PGD(model, loss, x, y; ϵ = 10, step_size = 0.1, iters = 100, clamp_range = (0, 1))

Projected Gradient Descent (PGD) is an itrative variant of FGSM with a random point. For every step the FGSM algorithm moves the input in the direction of the gradient bounded in the l∞ norm. (https://arxiv.org/pdf/1706.06083.pdf)

Arguments:

• model: The model to base teh attack upon.
• loss: the loss function to use, assuming that it includes the prediction function i.e. loss(x, y) = crossentropy(m(x), y)
• x: The input to be perturbed.
• y: the ground truth for x.
• ϵ: The bound around x.
• step_size: The ϵ value in the FGSM step.
• iters: The maximum number of iterations to run the algorithm for.
• clamp_range: The lower and upper values to clamp the input to.

JSMA(model, x, t; Υ, θ)

Jacobian Saliency Map Algorithm (JSMA), craft adversarial examples by modifying a very small amount of pixels. These pixels are selected via the jacobian matrix of the output w.r.t. the input of the network. (https://arxiv.org/pdf/1511.07528.pdf)

Arguments:

• model: The model to create adversarial examples for.
• x: The original input data
• t: Index corrosponding to the target class (this is a targeted attack).
• Υ: The maximum amount of distortion
• θ: The amount by which each feature is perturbed.

CW(model, x, t; dist = euclidean, c = 0.1)

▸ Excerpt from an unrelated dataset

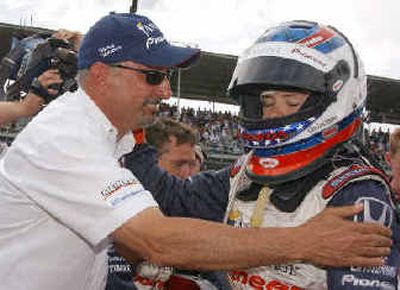 
Team co-owner  Bobby Rahal congratulates  Danica Patrick, after her fourth place finish. 
 (Associated Press / The Spokesman-Review)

Carlini & Wagner's (CW) method for generating adversarials through the optimisation of a loss function against a target class. Here we consider the F6 variant loss function. (https://arxiv.org/pdf/1608.04644.pdf)

Arguments:

• model: The model to attack.
• x: The original input data
• t: Index label corrosponding to the target class.
• dist: The distance measure to use L0, L2, L∞. Assumes this is from the Distances.jl library or some other callable function.
• c: value for the contribution of the missclassification in the error function.

DeepFool(model, x, overshoot = 0.02, max_iter = 50)

Moosavi-Dezfooli et al.'s (https://arxiv.org/pdf/1511.04599.pdf) DeepFool method.

An algorithm to determine the minimum perturbation needed to change the class assignment of the image. This algorithm is useful then for computing a robustness metric of classifiers, where as other algorithms (such as FGSM) may return sub-optimal solutions for generating an adversarial.

The algorithm operates in a greedy way, such that, its not guaranteed to converge to the smallest possible perturbation (that results in an adversarial). Despite this shortcoming, it can often yield a class approximation.

The python/matlab implementations mentioned in the paper can be found at: https://github.com/LTS4/DeepFool/

Arguments:

• model: The flux model to attack before the softmax function.
• image: An array of input images to create adversarial examples for. (size, WHC)
• overshoot: The halting criteria to prevent vanishing gradient.
• max_iter: The maximum iterations for the algorithm.